Competition – How else can you get the job done?
- Cellular – addressed below in “Terrestrial vs. Satellite”
- But generally cellular does not have consistent global coverage. Coverage is concentrated where the “people” are, whereas assets tracked with M2M are often in places with very few people.
- Low-Earth Orbit Satellites – Globalstar & Iridium
- Their systems are generally tailored for voice which requires a dedicated circuit which is less efficient for M2M. Their operating structure is built upon a very high average revenue per user (ARPU) as compared to the low ARPU for ORBC. Furthermore, the market size is sufficiently big that even if they did compete aggressively, all 4 companies could continue to grow.

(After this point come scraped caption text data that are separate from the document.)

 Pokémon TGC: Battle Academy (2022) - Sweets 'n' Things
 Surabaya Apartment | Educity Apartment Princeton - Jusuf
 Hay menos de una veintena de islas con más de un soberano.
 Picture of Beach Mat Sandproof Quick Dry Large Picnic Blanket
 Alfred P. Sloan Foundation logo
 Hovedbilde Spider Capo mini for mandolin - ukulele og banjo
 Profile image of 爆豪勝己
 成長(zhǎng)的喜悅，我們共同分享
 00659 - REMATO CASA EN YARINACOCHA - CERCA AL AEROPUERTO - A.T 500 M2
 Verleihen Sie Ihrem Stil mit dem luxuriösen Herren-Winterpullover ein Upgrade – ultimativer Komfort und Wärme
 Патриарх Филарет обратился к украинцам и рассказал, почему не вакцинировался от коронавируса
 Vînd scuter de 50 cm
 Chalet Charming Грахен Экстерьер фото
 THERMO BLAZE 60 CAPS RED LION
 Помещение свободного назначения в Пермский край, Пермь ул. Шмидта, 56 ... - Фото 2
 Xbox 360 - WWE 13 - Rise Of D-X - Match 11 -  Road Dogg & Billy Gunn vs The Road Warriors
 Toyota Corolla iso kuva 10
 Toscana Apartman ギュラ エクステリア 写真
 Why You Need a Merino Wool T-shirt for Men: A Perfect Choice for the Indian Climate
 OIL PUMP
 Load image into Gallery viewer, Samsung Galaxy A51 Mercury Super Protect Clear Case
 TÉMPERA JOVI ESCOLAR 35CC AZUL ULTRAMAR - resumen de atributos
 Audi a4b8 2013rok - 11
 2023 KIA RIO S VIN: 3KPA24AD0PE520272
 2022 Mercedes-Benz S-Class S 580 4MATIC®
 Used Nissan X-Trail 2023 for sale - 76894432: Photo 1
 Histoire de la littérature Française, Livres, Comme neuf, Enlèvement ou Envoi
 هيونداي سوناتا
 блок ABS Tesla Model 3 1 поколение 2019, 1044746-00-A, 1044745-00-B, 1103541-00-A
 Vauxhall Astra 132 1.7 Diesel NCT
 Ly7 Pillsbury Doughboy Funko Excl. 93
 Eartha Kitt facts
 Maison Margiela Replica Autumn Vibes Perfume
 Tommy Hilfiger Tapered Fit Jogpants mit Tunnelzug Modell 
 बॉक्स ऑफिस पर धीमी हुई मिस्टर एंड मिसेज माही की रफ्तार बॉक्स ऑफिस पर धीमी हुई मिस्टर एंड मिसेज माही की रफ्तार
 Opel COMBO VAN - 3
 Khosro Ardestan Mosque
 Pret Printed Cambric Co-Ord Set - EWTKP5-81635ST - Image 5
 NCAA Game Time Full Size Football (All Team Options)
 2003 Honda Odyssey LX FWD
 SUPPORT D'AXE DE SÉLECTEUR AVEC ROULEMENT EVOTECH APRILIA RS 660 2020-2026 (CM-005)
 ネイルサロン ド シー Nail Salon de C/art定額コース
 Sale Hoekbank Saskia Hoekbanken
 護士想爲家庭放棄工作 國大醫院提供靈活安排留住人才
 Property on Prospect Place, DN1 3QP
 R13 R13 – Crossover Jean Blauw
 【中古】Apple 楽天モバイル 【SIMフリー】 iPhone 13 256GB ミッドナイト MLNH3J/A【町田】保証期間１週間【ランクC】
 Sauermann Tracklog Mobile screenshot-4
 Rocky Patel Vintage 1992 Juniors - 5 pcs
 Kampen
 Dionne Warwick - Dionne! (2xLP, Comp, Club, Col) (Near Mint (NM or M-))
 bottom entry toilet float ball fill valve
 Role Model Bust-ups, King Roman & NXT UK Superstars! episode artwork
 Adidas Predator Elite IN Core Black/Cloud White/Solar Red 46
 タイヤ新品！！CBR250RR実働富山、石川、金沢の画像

- Iridium – The only meaningful competitor to Orbcomm. Their focus is on high ARPU Voice services. The 2ndlargest, Iridium has only 200,000 subscribers in M2M vs. 700,000+ for ORBC. IRDM satellite network is architected for voice, not data. They have 66 satellites that need to talk to each other to send an undropped call signal. It has to be switched and can’t be packetized. Their infrastructure is not designed for data, whereas ORBC is specifically designed for data, whereby each satellite acts as if it is alone…if one goes down, the system will still work.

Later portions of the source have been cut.